Kasepuhan Adat Banten Kidul adalah kelompok masyarakat
adat Sunda yang tinggal di sekitar Gunung Halimun, terutama di wilayah
Kabupaten Sukabumi sebelah barat hingga ke Kabupaten Lebak, dan ke utara
hingga ke Kabupaten Bogor. Kasepuhan (Sd. sepuh, tua) menunjuk pada adat istiadat lama yang masih dipertahankan dalam kehidupan sehari-hari.
Masyarakat
Kasepuhan Banten Kidul sekarang melingkup beberapa desa tradisional dan
setengah tradisional, yang masih mengakui kepemimpinan adat setempat.
Terdapat beberapa Kasepuhan di antaranya adalah Kasepuhan Sinar Resmi,
Kasepuhan Ciptagelar, Kasepuhan Cisungsang, Kasepuhan Cisitu, Kasepuhan
Cicarucub, Kasepuhan Citorek, serta Kasepuhan Cibedug, Kasepuhan Cipta
Mulya.
Salah satu ritual adat tahunan Kasepuhan yang selalu menarik minat masyarakat adalah upacara Seren Taun; yang sesungguhnya adalah pernyataan syukur warga Kasepuhan atas keberhasilan panen padi.

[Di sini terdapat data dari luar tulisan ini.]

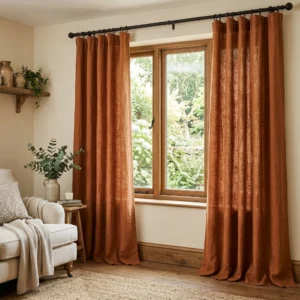Terracotta Linen Curtains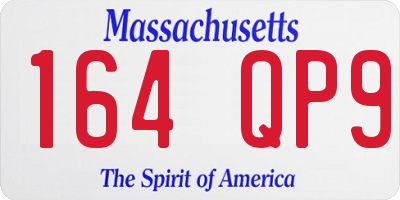MA license plate 164QP9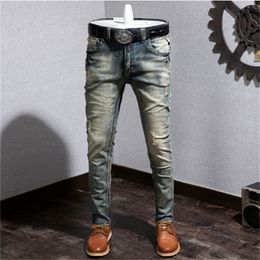 Designer jeans mens pants linen pants Hip Hop Men Jeans Distressed Ripped Biker Slim Fit Motorcycle Denim For Men's European and American retro nostalgic jeans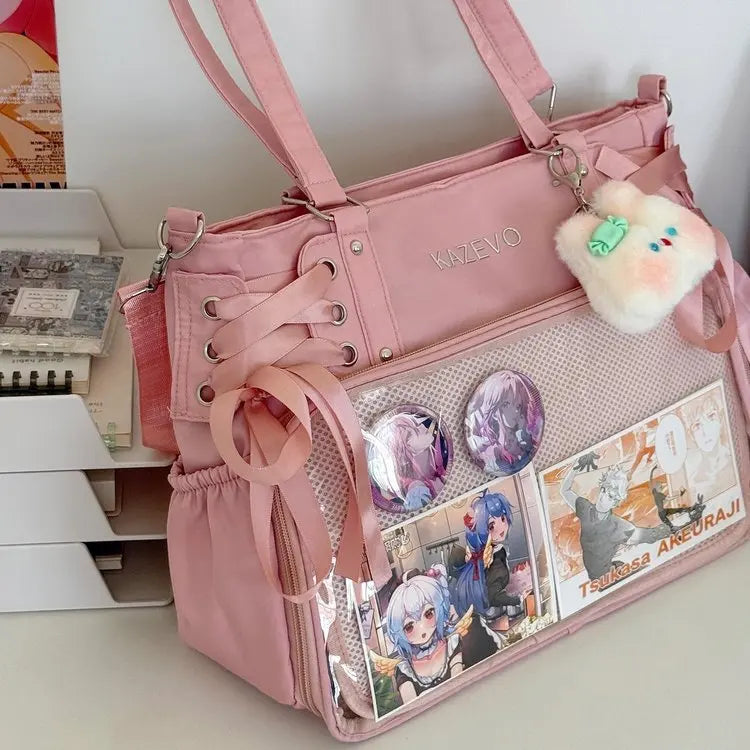 Bolso Bandolera con Lazo Estilo Universitario – Bolso de Hombro de Gran Capacidad para Chicas, Bolso Ita de Moda JK, Bolso de Mano con Acento de Lazo para Libros Escolares, Material Escolar y Uso Diario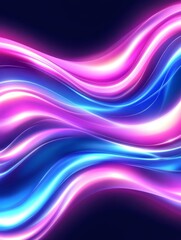 Fototapeta premium Abstract Neon Wave Background - Vibrant blue and pink neon waves flow across a dark background creating a dynamic and energetic abstract design. Ideal for technology, music, or design projects.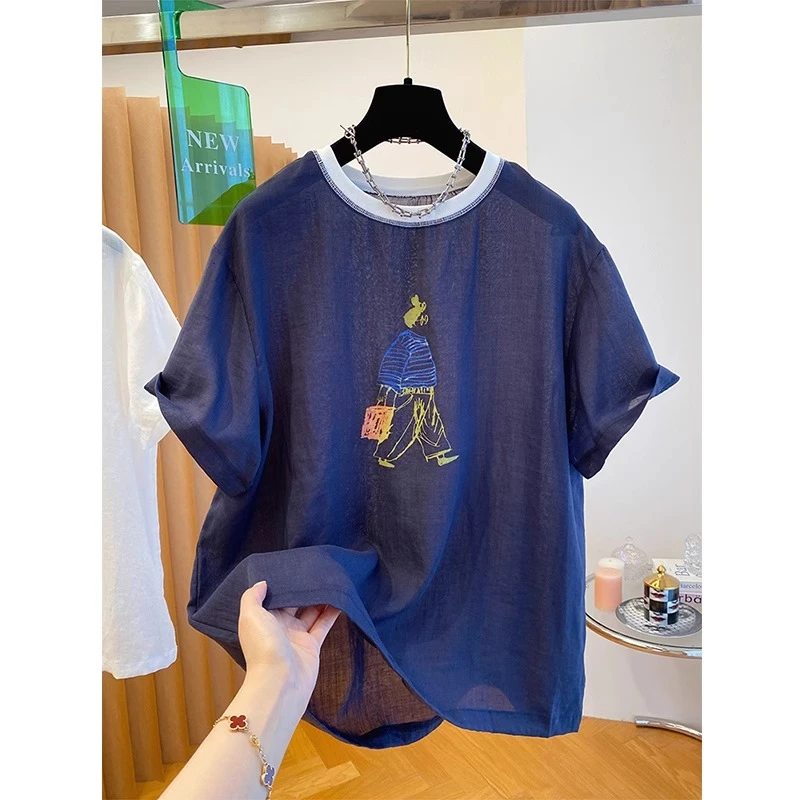 胖妹妹240斤大码韩范时髦轻薄苎麻撞色圆领短袖T恤女夏季显瘦上衣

Sejarah Kasepuhan Kesatuan Adat Banten Kidul
Sejarah
adanya Masyarakat Adat berdiri pada Tahun 611 M bertempat di Sajra
Banten, terus pindah ke Limbang Kuning. Di Limbang Kuning sampai Tahun
1.400 M disitu belum dibentuk kasepuhan adat baten kidul. pada tahun
1974 kesatuan adat banten kidul di bentuk diantara pencetus adanya
kesatuan adat banten kidul adalah kasepuhan Cikaret, kasepuhan
Cisungsang, kasepuhan Cicarucub, kasepuhan Citorek, kasepuhan Bayah.
Diakhir
Tahun 1.400 m barulah ada keturunan Pertama bernama AKI BUYUT BAO ROSA,
dan istrinya bernama AMBU SAMPIH. Selama 150 Tahun dia bertempat di
Cipatat Bogor. Dari Cipatat berpindah lagi ke Maja. Setelah beliau
wapat, Kasepuhan diteruskan oleh anaknya yang bernama AKI BUYUT WARNING
dan istrinya bernama NINI BUYUT SAMSIAH. Beliau menjadi Kasepuhan selama
202 Tahun di Maja lalu pindah ke Lebak Larang.
Tiga Tahun diLebak
Larang, beliau meninggal. Kasepuhan diteruskan oleh AKI BUYUT KAYON
Tempat pun berpindah ke Lebak Binong selama 27 tahun. Diakhir hayat AKI
BUYUT KAYON, generasi penerusnya saat itu belum dewasa yang bernama AKI
BUYUT ARIKIN, sehingga kepemimpinan Kasepuhan diwarnen* oleh AKI BUYUT SANTAYAN di Pasir Talaga. Selama 23 Tahun AKI BUYUT SANTAYAN memimpin. *Warnen adalah orang yang diserahi menjadi Pemangku adat karena penerusnya belum dewasa.
Dimasa
AKI BUYUT ARIKIN dewasa barulah beliau menjadi pemimpin Kasepuhan.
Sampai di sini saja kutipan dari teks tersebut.